▸ **Your objective**: Take the lines below between the one holding "Sort VW ID.Buzz fra 2023" and the one holding "Santo domingo vive", inclusive, and copy them exactly. Add nothing.

▸ **Source material**:
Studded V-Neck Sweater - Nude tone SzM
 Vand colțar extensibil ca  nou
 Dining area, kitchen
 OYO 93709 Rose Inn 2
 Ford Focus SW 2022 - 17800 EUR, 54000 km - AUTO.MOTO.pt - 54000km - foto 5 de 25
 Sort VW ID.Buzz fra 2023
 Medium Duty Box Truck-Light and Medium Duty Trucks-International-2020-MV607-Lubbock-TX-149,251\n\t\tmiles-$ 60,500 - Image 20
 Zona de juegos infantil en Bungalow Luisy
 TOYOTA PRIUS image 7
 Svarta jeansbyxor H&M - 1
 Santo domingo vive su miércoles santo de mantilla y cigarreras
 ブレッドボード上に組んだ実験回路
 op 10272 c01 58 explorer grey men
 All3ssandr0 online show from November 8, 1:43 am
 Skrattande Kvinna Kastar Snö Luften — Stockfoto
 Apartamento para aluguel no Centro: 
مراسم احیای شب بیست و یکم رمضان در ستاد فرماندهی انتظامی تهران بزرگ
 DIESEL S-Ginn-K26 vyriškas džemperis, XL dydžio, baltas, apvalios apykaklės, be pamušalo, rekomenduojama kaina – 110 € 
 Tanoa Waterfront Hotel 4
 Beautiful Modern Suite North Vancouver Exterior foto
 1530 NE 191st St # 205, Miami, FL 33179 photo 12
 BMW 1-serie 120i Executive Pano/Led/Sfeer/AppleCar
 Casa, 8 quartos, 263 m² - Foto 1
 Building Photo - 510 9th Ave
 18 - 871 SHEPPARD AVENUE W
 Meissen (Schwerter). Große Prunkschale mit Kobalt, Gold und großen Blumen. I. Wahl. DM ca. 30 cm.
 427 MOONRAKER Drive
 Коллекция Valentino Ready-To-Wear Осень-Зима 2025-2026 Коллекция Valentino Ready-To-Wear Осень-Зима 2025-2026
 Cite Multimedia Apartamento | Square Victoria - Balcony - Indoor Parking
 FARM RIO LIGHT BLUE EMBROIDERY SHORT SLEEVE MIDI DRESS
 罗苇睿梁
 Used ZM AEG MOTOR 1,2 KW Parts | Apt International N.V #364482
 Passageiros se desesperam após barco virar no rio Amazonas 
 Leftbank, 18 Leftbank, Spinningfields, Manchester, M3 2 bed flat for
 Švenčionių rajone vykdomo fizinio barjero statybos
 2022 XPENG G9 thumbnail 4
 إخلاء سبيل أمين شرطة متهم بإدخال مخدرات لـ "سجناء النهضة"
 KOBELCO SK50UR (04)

▸ **Expected output**:
 Sort VW ID.Buzz fra 2023
 Medium Duty Box Truck-Light and Medium Duty Trucks-International-2020-MV607-Lubbock-TX-149,251\n\t\tmiles-$ 60,500 - Image 20
 Zona de juegos infantil en Bungalow Luisy
 TOYOTA PRIUS image 7
 Svarta jeansbyxor H&M - 1
 Santo domingo vive su miércoles santo de mantilla y cigarreras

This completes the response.